According to at least one biography of Bill Gates, Microsoft is known for keeping a lot of cash on hand, and has done so since the 1970s. It’s certainly still true today: http://finance.yahoo.com/q/bs?s=MSFT&annual

4 Ed February 3, 2010 at 4:51 pm

I think “short” is being used as a metaphor for “I know this is a bubble which is about to pop”.

Of course actually shorting a bubble is almost impossible because of the timing, and because the prices in the bubble tend to accelerate upward just before it pops. So if you actually tried shorting a bubble you would go broke first, unless you got very lucky. That is why it is usually used as a metaphor.

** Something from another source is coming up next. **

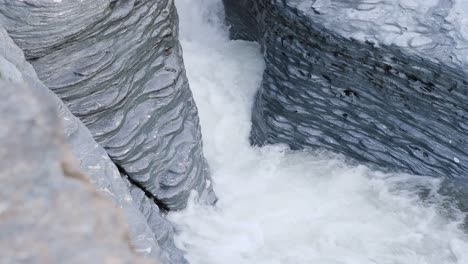 Río-Que-Fluye-Rápido-Entre-Rocas.-Fotografía-De-Cerca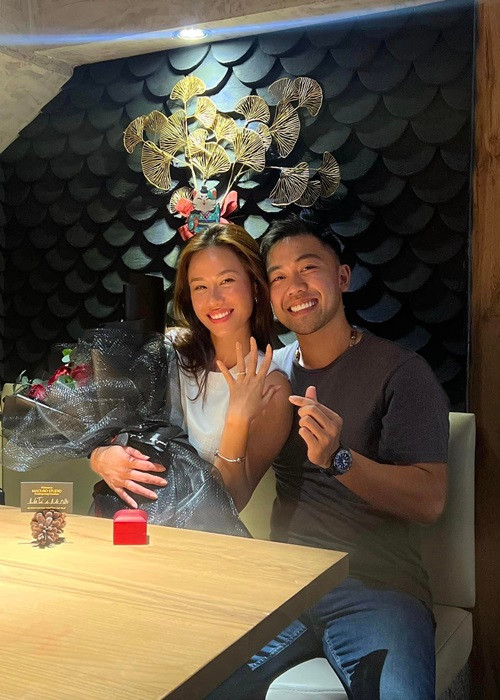 Á hậu Yến Nhi là sao Việt được cầu hôn cận Tết Nguyên Đán 2023.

5 Swedo February 3, 2010 at 6:33 pm

They need reserves to raise armies in the not so distant future.

6 Russell Nelson February 4, 2010 at 1:30 am

FXI but as Andrew points out, shorting is very time-sensitive. You also have to keep buying more and more on margin, otherwise you miss out on your gains. Takes nerves of steel. But … the worst you can do these days is lose your entire investment, given that the brokerage will automatically sell to cover as you go down the tubes.

7 rluser February 4, 2010 at 2:05 am

I don’t think I can get on board with the

If I were a major investor, I would get nervous each time I saw a company with massive cash reserves on its balance sheet. That’s often a sign that discipline is headed out the window.

either. In the late 90’s Microsoft carried a huge cash reserve. At times Berkshire Hathaway has as well. Eventually it should become clear that board and management lack investment opportunities and the value should be returned to the investor. This happened for the former, but the latter has yet to capitulate (though perhaps he is in his own way).

8 eccdogg February 4, 2010 at 9:29 am

I think shorting is not as hard as people think it is. The key is to not use too much leverage.

Lets say you believe that within the next ten years the Chinese stock market will crash and you have $100 you want to bet.

Just spend $10 a year on at the money puts for 10 years. You can never lose more than $100 and you can ride the strategy for 10 years. If your prediction doesn’t happen in a ten year time frame it really is no prediction at all IMO. Would be equivalent to saying the world will end “Some Day”.

There are lots of other strategies that you can come up with to accomplish a similar result as well.

9 Brent Royal-Gordon February 9, 2010 at 5:14 pm

Eorr: In the past (2001, IIRC), they’ve used their cash reserves to avoid cutting back on product development when the economy damaged their business. Thus, while their competitors laid workers off and ended up with less compelling products once the economy picked up, Apple continued producing new products, and retained the talent they would need in the future.

As things stand now, Apple could operate for years without selling a single computer, phone, music player, or song. They’re also in a position where they can easily buy any small company that has technology they want–for example, their purchase of P.A. Semi a couple years ago got them the assets needed to design the A4 chip in the iPad.

All in all, that doesn’t seem like a bad position to be in.